The company Buckley is building has a clarity to it that most data startups lack. The problem is well-defined: government permit data exists, it is fragmented and inaccessible, and it contains meaningful commercial signal. The solution is engineering-intensive but not conceptually complex: ingest, clean, normalize, surface. The market is genuinely large - construction is a $1.8 trillion US industry - and the data moat compounds with every jurisdiction added.
In January 2026, Shovels acquired ReZone, an AI-powered platform that tracks and analyzes local government meetings - zoning hearings, planning commissions, city council votes. The combination makes strategic sense: if you already know what got built, knowing what's about to get approved for construction is the logical next layer of intelligence.
The Education Under the Startup
Three degrees across three elite institutions sounds like credential stacking. In Buckley's case it reads more like genuine intellectual curiosity - public policy, business, entrepreneurship - that eventually resolved itself into a company that sits at the intersection of civic data, commercial intelligence, and climate infrastructure. The Harvard Kennedy School background is not a detail that comes up in press releases, but it's visible in how Shovels thinks about its role: not just a data vendor, but an entity that can reduce information asymmetry in a sector that has long operated on handshakes and rumors.

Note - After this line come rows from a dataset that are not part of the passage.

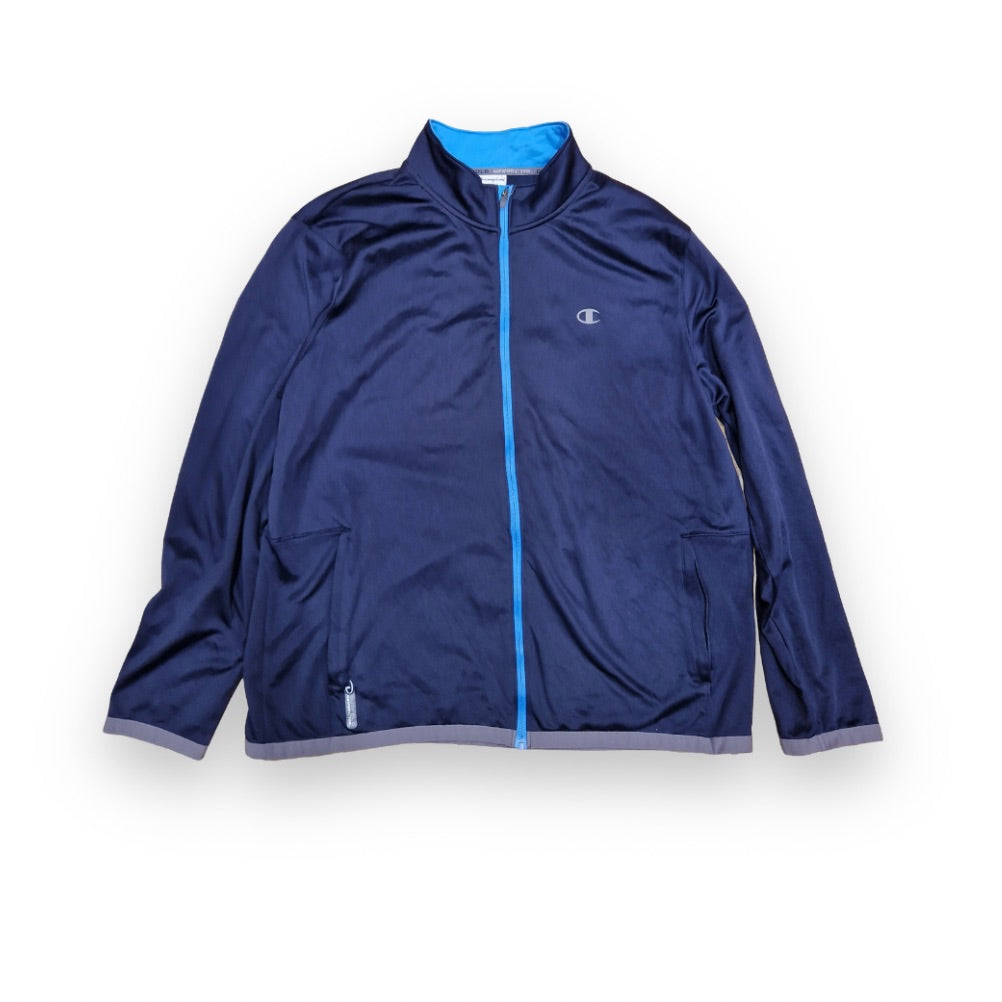 Champion Trackjacket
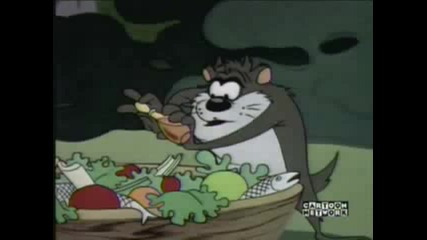 Warner Bros - 041357 Bedevilled Rabbit Mm 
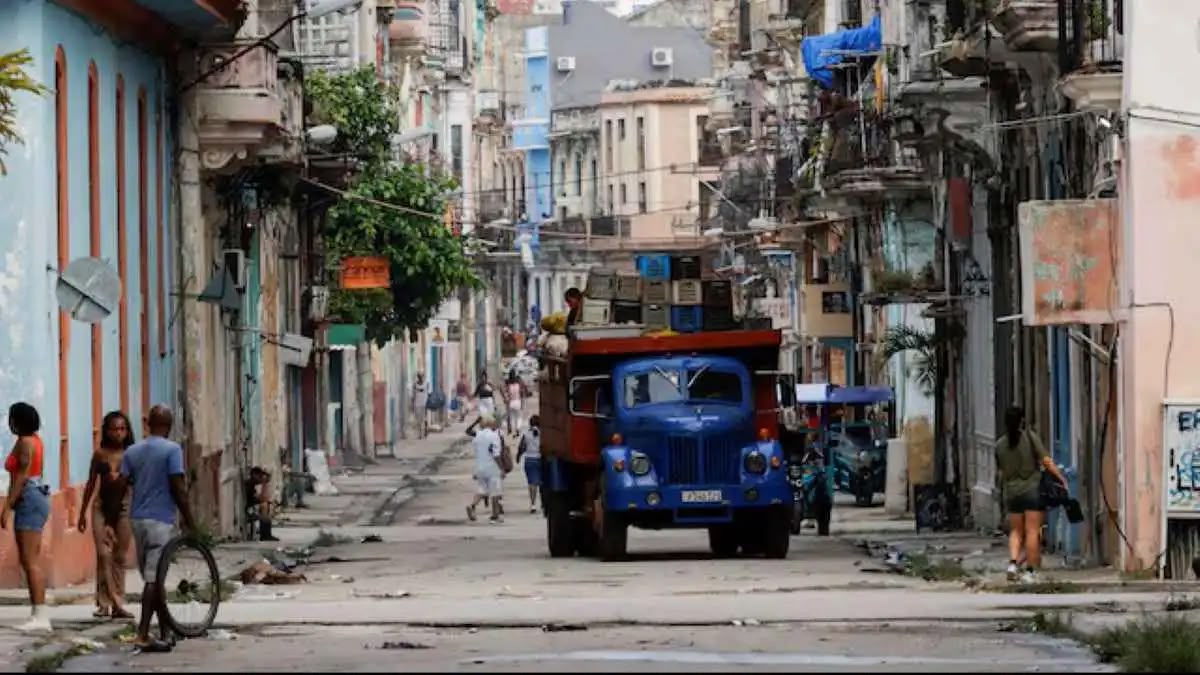 خبراء بالأمم المتحدة يحذرون من تشكل "غزة صامتة" في كوبا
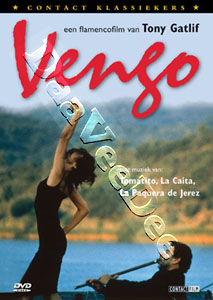 Vengo (2000) (DVD)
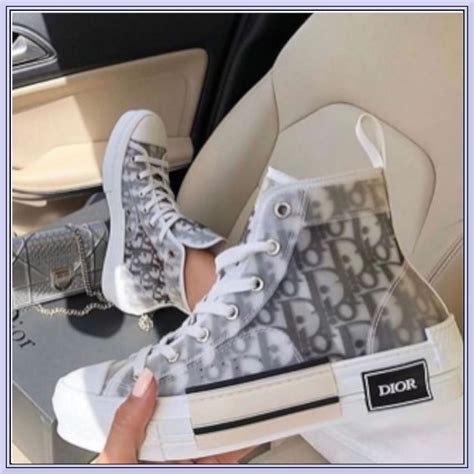 basket luxe femme dior|sneakers dior homme luxe.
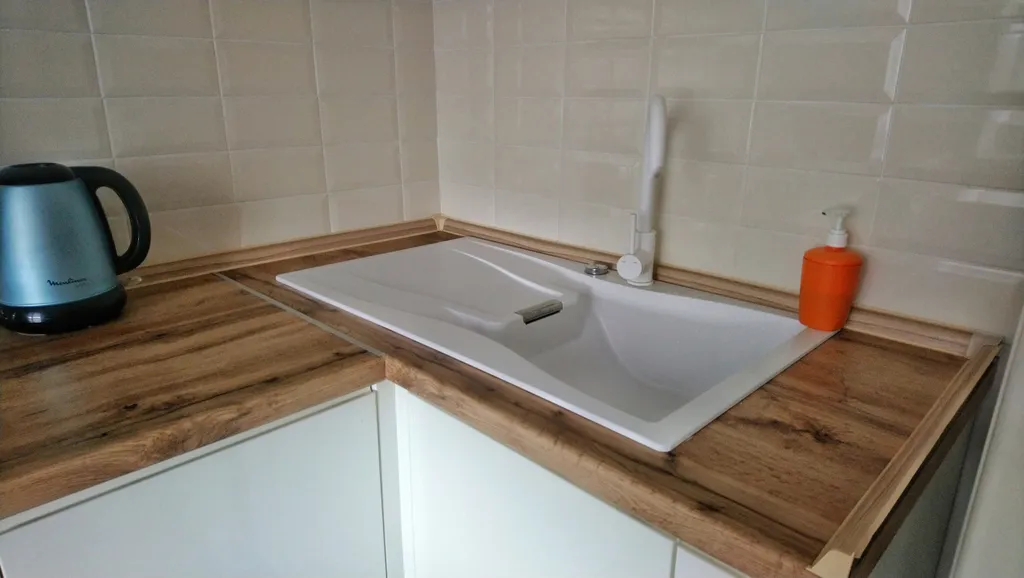 Квартира Уютная квартира в старом центре — Краснодар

Buckley met his co-founder Luka Kacil - who lives in Slovenia - through MightySignal after AppMonsta's 2019 acquisition. They have built and run Shovels as a fully distributed company from the start. In 2025, the team gathered in Nashville for a summit - a rare in-person moment for a company that otherwise spans the Atlantic and multiple US time zones. By then, Shovels had tripled its revenue and doubled its headcount.